▸ Pictures with short captions:
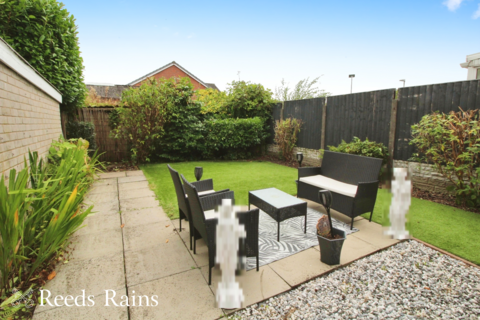 2 bedroom bungalow for sale, St. Annes Road, Lancashire PR25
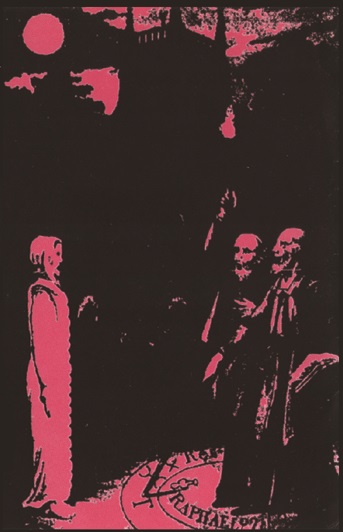 Magie Ceremoniele / De Vermis Mysteriis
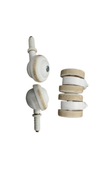 Shop Baby Trend Smart Steps Activity Walker, Hexagon Dots at GoodBuy Gear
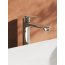 Ravak Life Bateria umywalkowa wysoka chrom połysk X070472 - zdjęcie 3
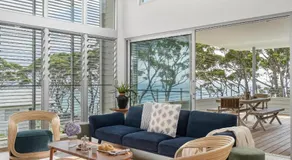 Escape To Hyams Beach By Jervis Bay Rentals - Image 4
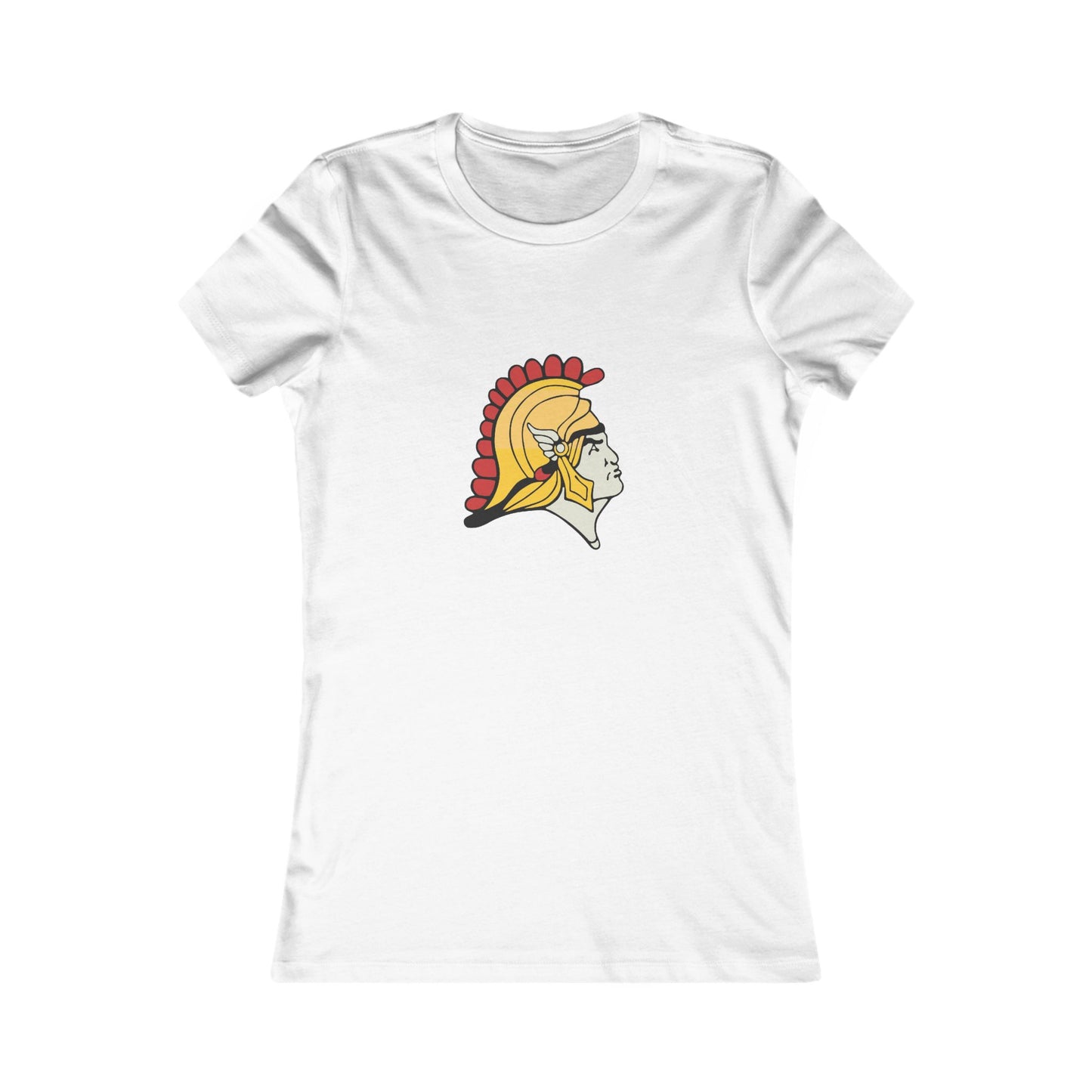Orono Spartans Women's Favorite Tee - Sporty Style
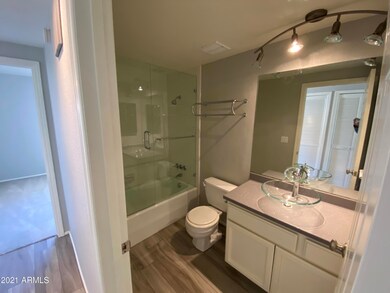 Hall Bath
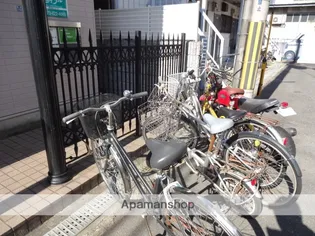 エルファイン【203号室】のその他画像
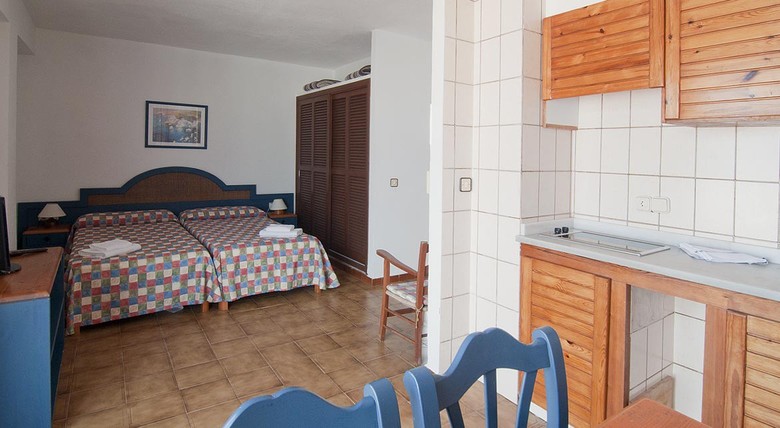 Apartamentos Pou Des Pujols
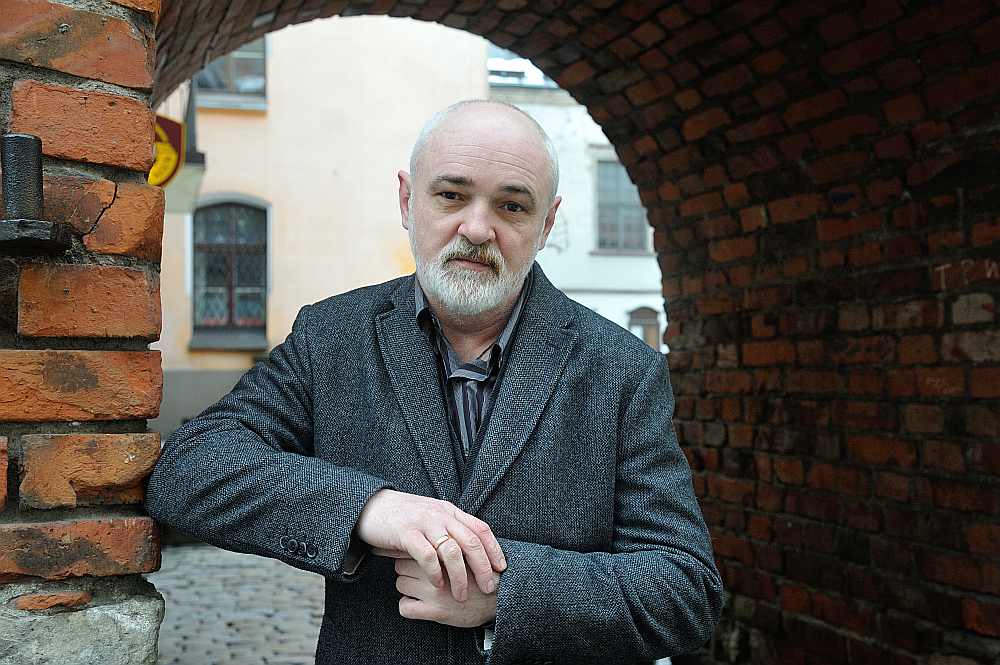 Aleksejs Ščerbaks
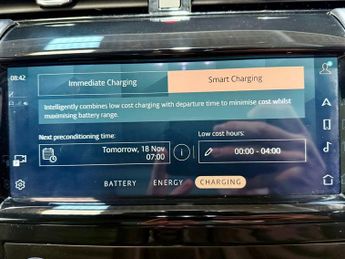 LAND ROVER DISCOVERY SPORT 1.5 P300e 12.2kWh R-Dynamic SE SUV 5dr Petrol Plug-in Hybrid Aut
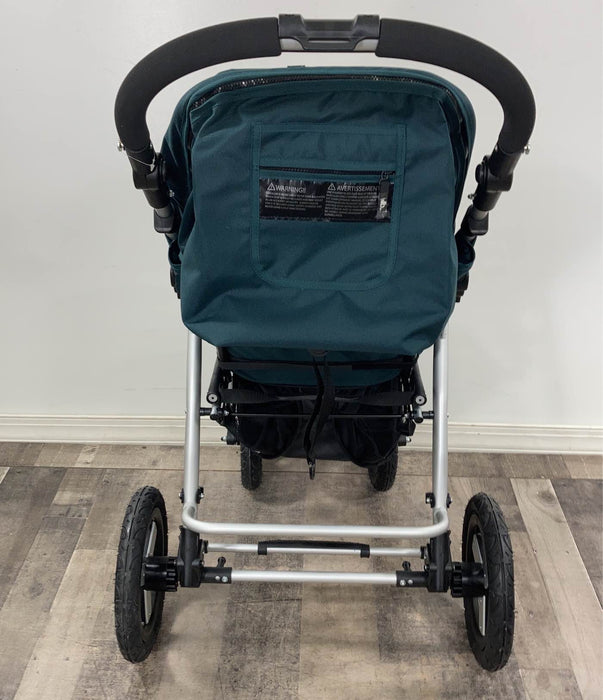 used Bumbleride Indie 4 Stroller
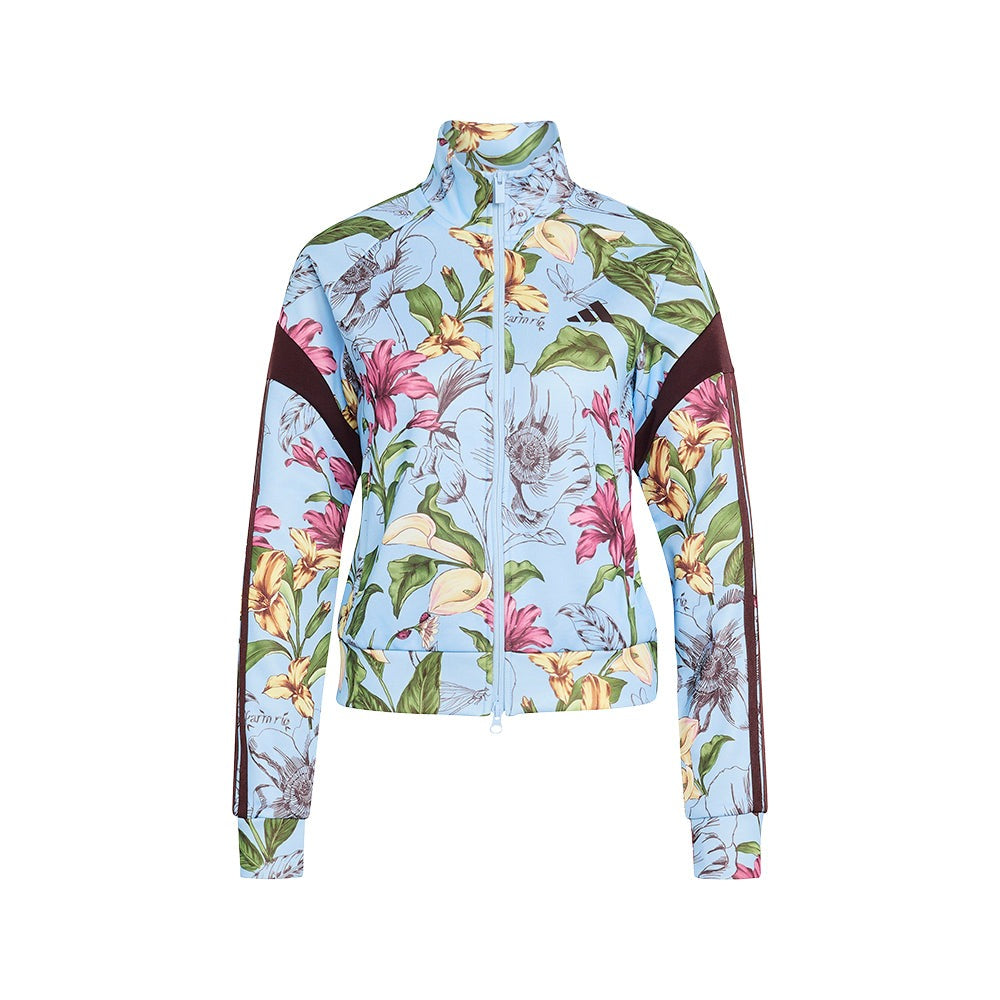 adidas x Farm Rio House of Tiro Track Top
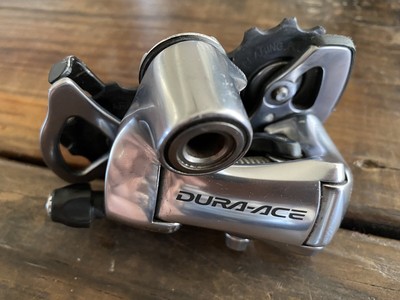 dura ace 7800 rear derailleur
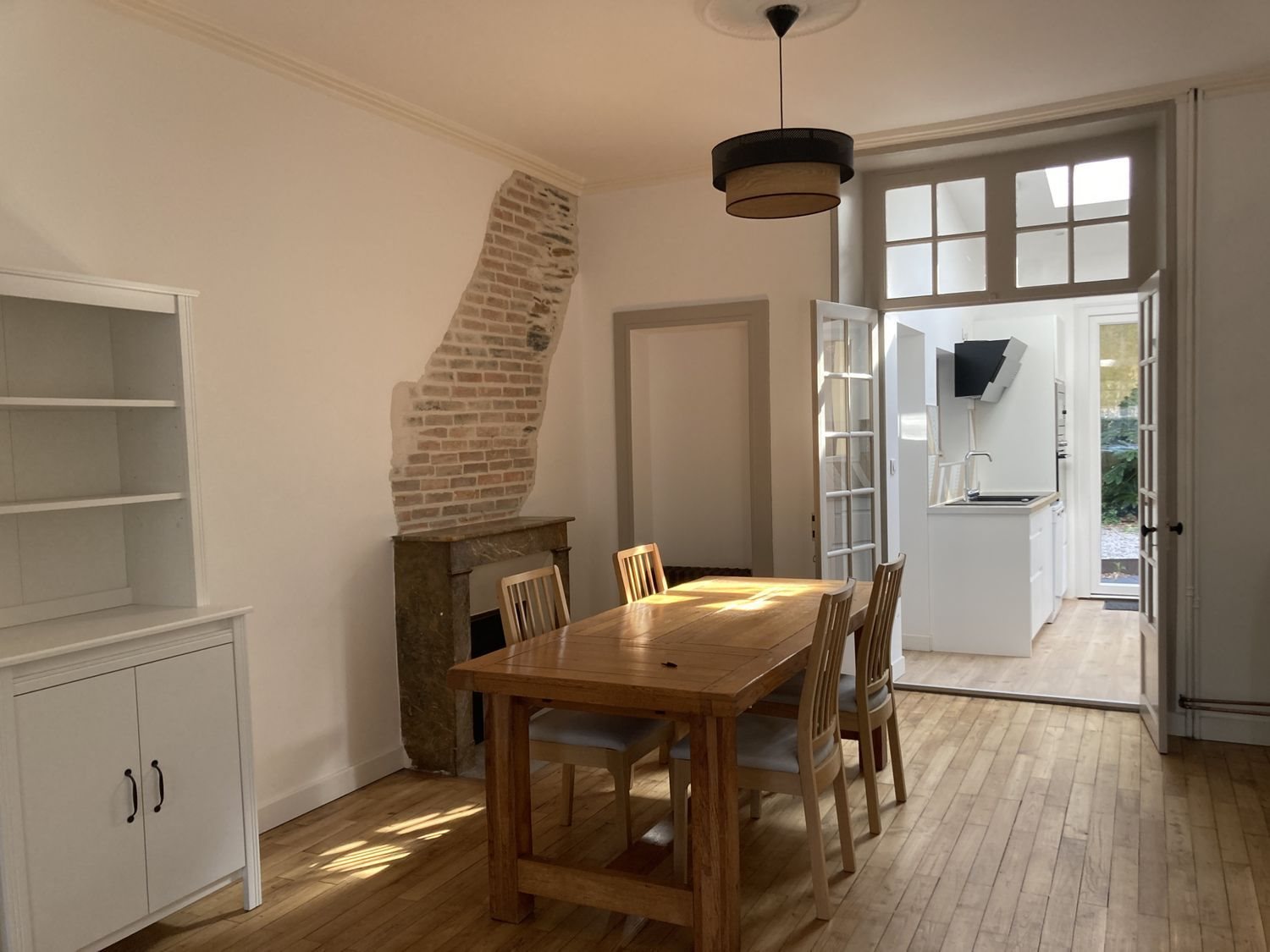 Maison à vendre, 140m², Angers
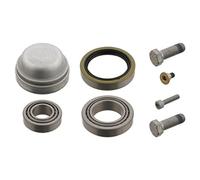 Febi 02071 Kit Cuscinetto Ruota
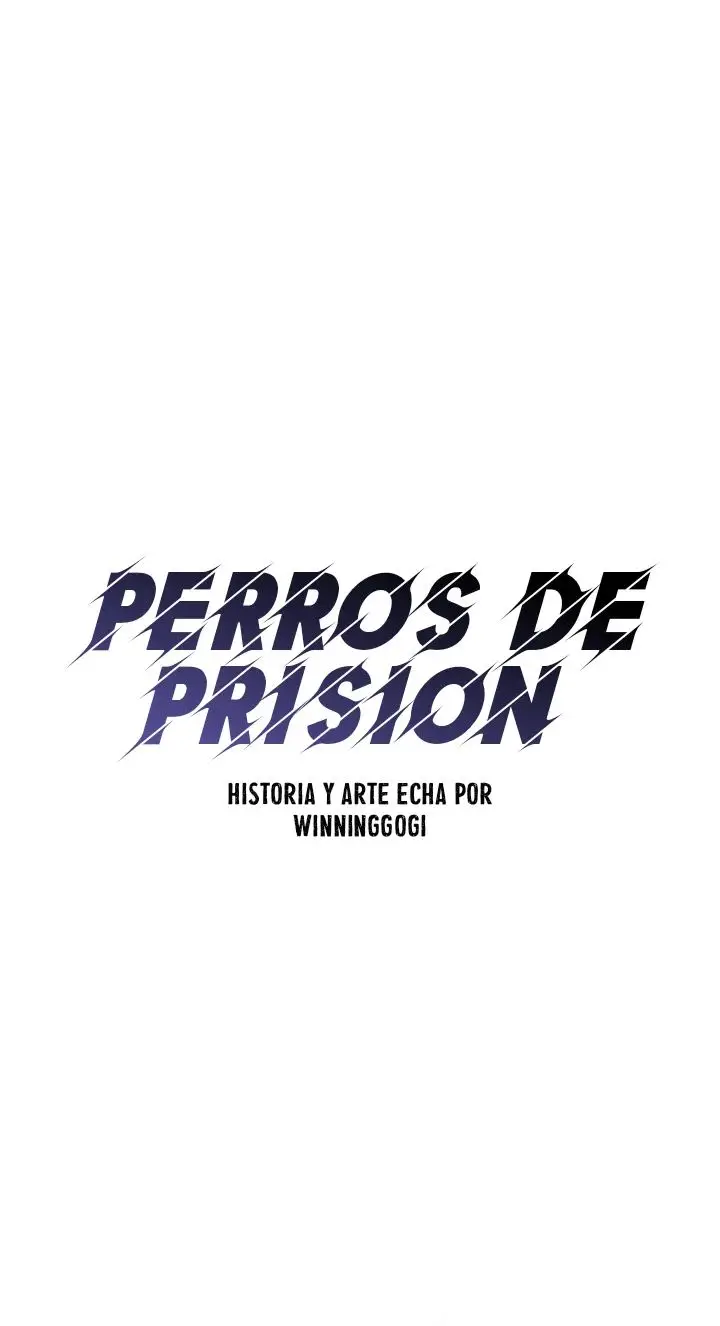 Prison Dogs (Perros de prisión) (2023) - Capítulo 2 - Página 2 - LectorTMOo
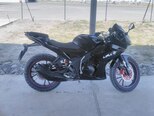 Shineray XY 125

▸ Work request:
Write out word for word every line from the line with "エルファイン【203号室】のその他画像" through the final line of the records, both included, skipping the pictures.

▸ Answer section:
 エルファイン【203号室】のその他画像
 Apartamentos Pou Des Pujols
 Aleksejs Ščerbaks
 LAND ROVER DISCOVERY SPORT 1.5 P300e 12.2kWh R-Dynamic SE SUV 5dr Petrol Plug-in Hybrid Aut
 used Bumbleride Indie 4 Stroller
 adidas x Farm Rio House of Tiro Track Top
 dura ace 7800 rear derailleur
 Maison à vendre, 140m², Angers
 Febi 02071 Kit Cuscinetto Ruota
 Prison Dogs (Perros de prisión) (2023) - Capítulo 2 - Página 2 - LectorTMOo
 Shineray XY 125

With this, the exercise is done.